Mr Blomqvist, a Danish resident, had ordered a watch marketed as a Rolex from a Chinese online shop. After Blomqvist had placed the order and paid for the watch on the seller’s website the watch was dispatched from Hong Kong. Upon the arrival of the consignment to Denmark its release was suspended by the Danish Customs authorities who suspected that the watch infringed EU copyright and trademark rights. The right holder, Rolex, confirmed the watch to be counterfeit and requested that it be destroyed.
In accordance with the Customs Regulation in force at the time (1383/2003), Blomqvist was requested to give his consent to destruction. Blomqvist refused, claiming that since he had bought the watch for personal use, Rolex intellectual property rights in the EU had not been infringed.
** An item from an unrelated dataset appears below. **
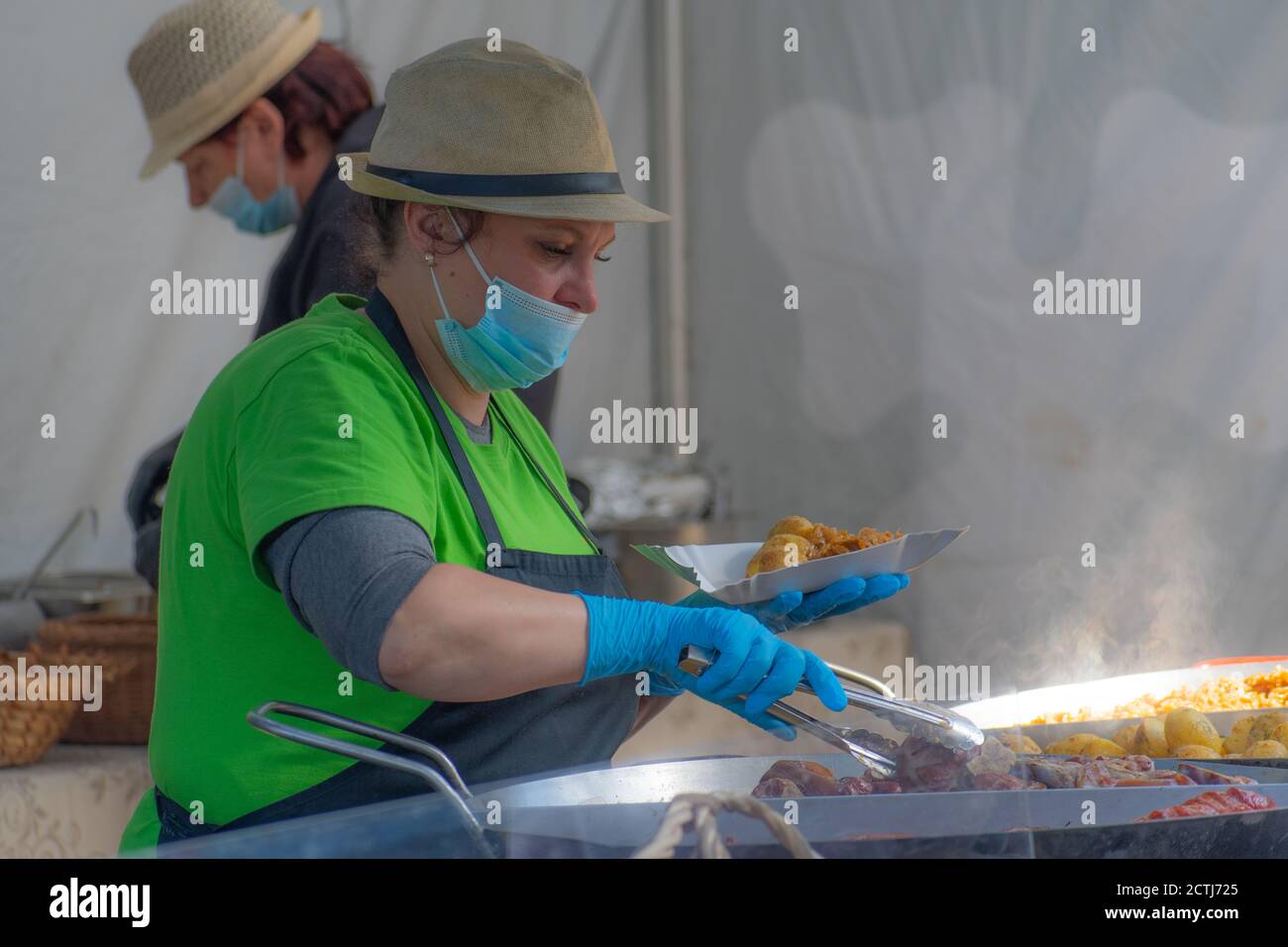 Donna che serve cibo con maschera e guanti in un festival del mercato alimentare di strada, ottobre Fest Foto Stock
Therefore, the watch was not a counterfeit or pirated good for the purposes of the Customs Regulation, he stated.
Rolex filed a suit against Blomqvist in the Danish court of first instance, seeking to force Blomqvist to agree to the suspension of release and to destruction of the watch without compensation. The court decided against Blomqvist, who then appealed to the Danish Supreme Court. The Supreme Court decided to ask the Court of Justice for a preliminary ruling as to whether or not there had been any distribution to the public within the meaning of the Copyright Directive or any use in the course of trade within the meaning of the Trademark Directive and the Trademark Regulation.
The CJEU stated that goods coming from a non-member state that are imitations of goods protected in the EU by a trademark right, copy right, related right or design right can be classified as counterfeit goods or pirated goods, where it is proven that such goods are intended for the European Union market. Such intent is proven, for instance, by the fact that the goods have been sold to a consumer in the European Union. The CJEU accordingly ruled that the Council Regulation 1383/2003 must be interpreted as meaning that the holder of an intellectual property right over goods sold to a person residing in the territory of a Member State through an online sales website in a non-member country enjoys the protection afforded to that holder by that regulation at the time when those goods enter the territory of that Member State merely by virtue of the acquisition of those goods. It is not necessary, in addition, for the goods at issue to have been the subject, prior to the sale, of an offer for sale or advertising targeting consumers of that State.
The preliminary ruling by the CJEU is highly welcomed by Customs authorities and right-holders alike. The judgment means that EU Customs authorities can take action for the suspension and destruction of small consignments entering the EU without having to assess whether or not the goods have been ordered for commercial purposes, even if the addressee is a private person. This is in line with one of the main objectives of the new Customs Regulation (608/2013) (repealing the previous regulation (1983/2003)) to combat the increasing on-line sale of counterfeit and pirated goods into the EU. The new Customs Regulation introduced the so-called small consignments procedure which allows Customs authorities to destroy postal or express courier consignments that comprise three units or less or that weigh less than two kilograms of counterfeit or pirated goods without prior involvement from right holders or their representatives (provided that the right holder in question has opted into the system and the recipient of the goods has not expressly opposed destruction within ten working days).